Quanti gongolano per aver raggiunto cento o duecento mi piace sotto a una foto. Ma ci siamo mai posti la domanda: ma alla fine quanto significano quei duecento click sulla manina? Facebook in Italia ha superato i 30milioni di iscritti e quei 200 mi piace rappresentano circa il 6,66% periodico degli iscritti italiani.

Se poi ci spostiamo a livello mondiale dove gli iscritti hanno superato i 2miliardi la percentuale diventa infinitesimale: addirittura lo 0,0001%, una nullità. Chiaramente i mi piace aumentano appena si vede un post che riporta la foto di una bella ragazza magari svestita.

Non si guarda quanto la foto possa essere artistica ma, piuttosto, quanti siano i centimetri di pelle visibili. E non dico nulla su molti commenti beceri.

Ma siamo certi che tanti “mi piace” portino a essere qualcuno?
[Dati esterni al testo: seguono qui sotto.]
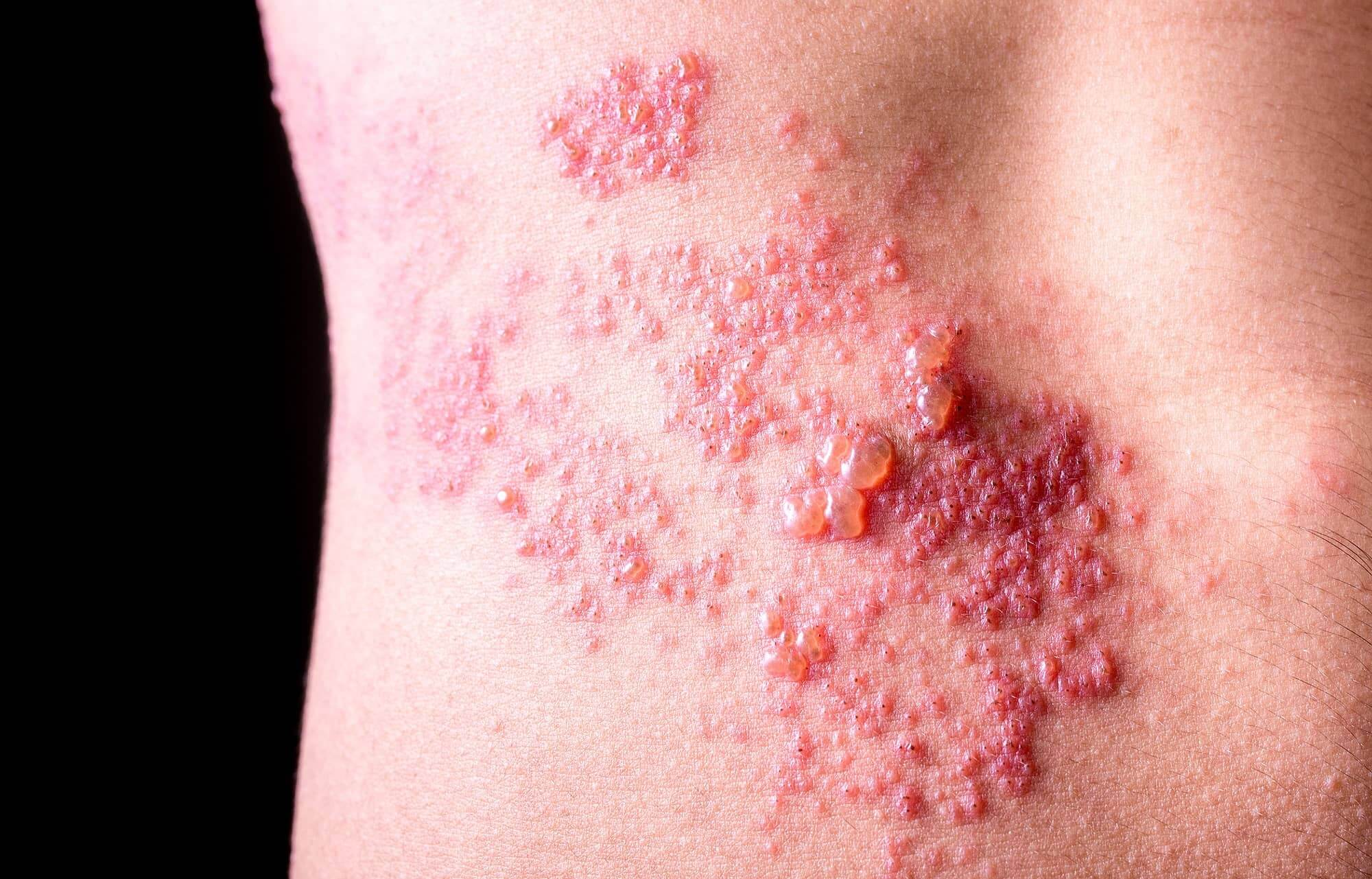 shutterstock_437265913-min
Possiamo considerare questa la modernità e l’innovazione auspicata? Potrebbe sembrare così facile utilizzare in modo intelligente i social ma alla fine predomina l’imbarbarimento culturale dell’insulto, della stupidaggine, dell’imbecillità e dell’inseguimento al “mi piace”. Ma non mi arrendo. Credo ancora che si possa rendere utile questo strumento. Basta volerlo. La foto che ho scelto come copertina di questo articolo voleva essere solo una prova per vedere quanti entravano nell’articolo per leggere e capire se parlavo di questa ragazza… delusi? Spero, invece, che abbiate dedicato qualche minuto per leggere questo editoriale e che vi abbia fatto riflettere: poi ognuno ne tragga le proprie considerazioni e se ha voglia di invertire la rotta si può.